● TASK PROMPT
A word-for-word copy of the listing, free of images, is the expected answer.
[[ PROVIDED DATA open ]]
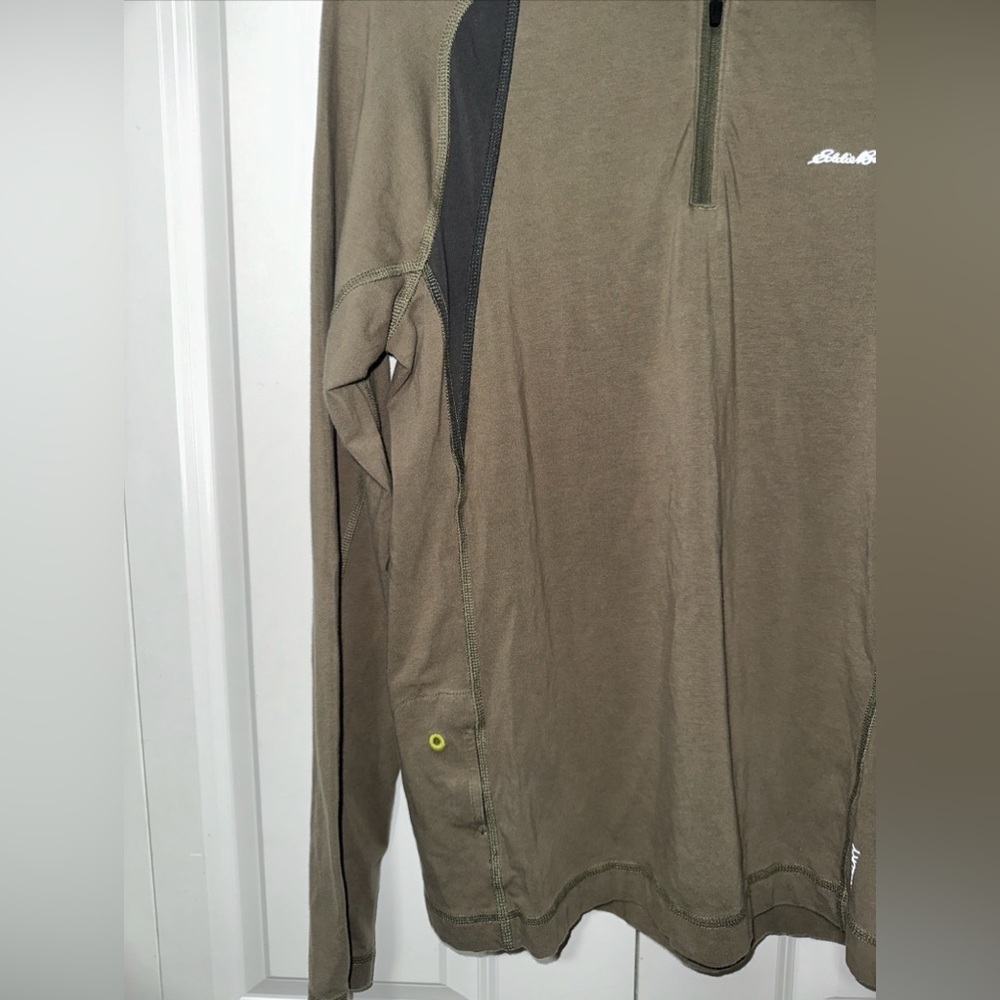 Eddie Bauer Active FreeDry Lightweight Quarterzip Longsleeve M Green - Picture 3 of 5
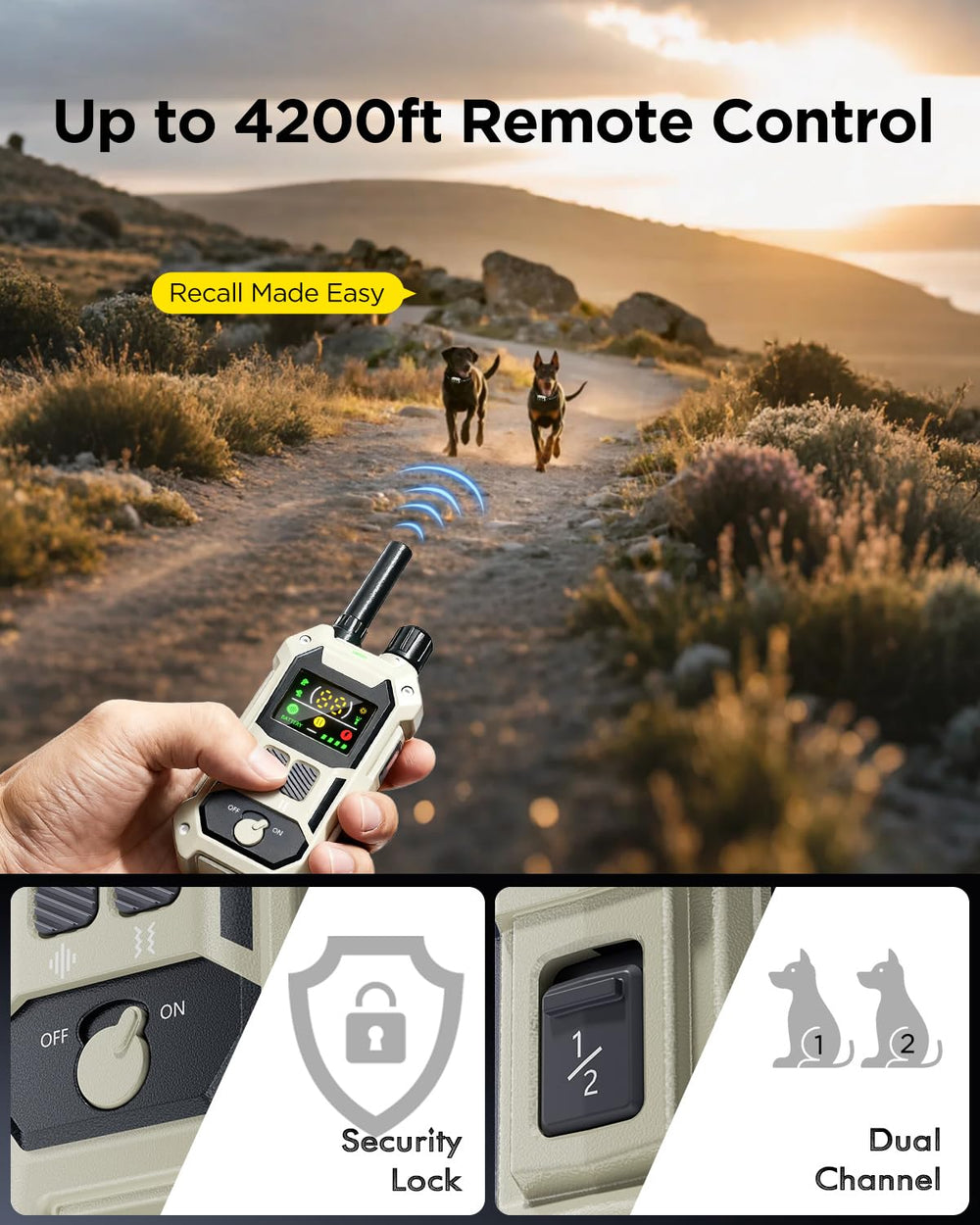 Blackdog 4200ft range with dual-channel control for two dogs.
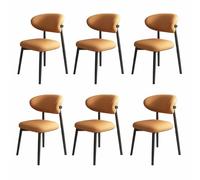 Snaweo Juego de Sillas de Cocina Tapizadas de Madera Sin Brazos, con Respaldo Curvo, for Que no te Canses DespuéS de Sentarte, Sillas de Comedor de Piel SintéTica, FáCiles de Instalar.(Color5,6PCS)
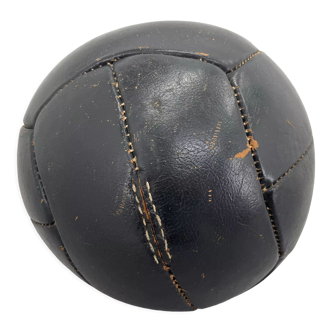 Vintage Black Leather Medicine Ball, 1930's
[[ PROVIDED DATA closed ]]
● RESPONSE AREA
 Eddie Bauer Active FreeDry Lightweight Quarterzip Longsleeve M Green - Picture 3 of 5
 Blackdog 4200ft range with dual-channel control for two dogs.
 Snaweo Juego de Sillas de Cocina Tapizadas de Madera Sin Brazos, con Respaldo Curvo, for Que no te Canses DespuéS de Sentarte, Sillas de Comedor de Piel SintéTica, FáCiles de Instalar.(Color5,6PCS)
 Vintage Black Leather Medicine Ball, 1930's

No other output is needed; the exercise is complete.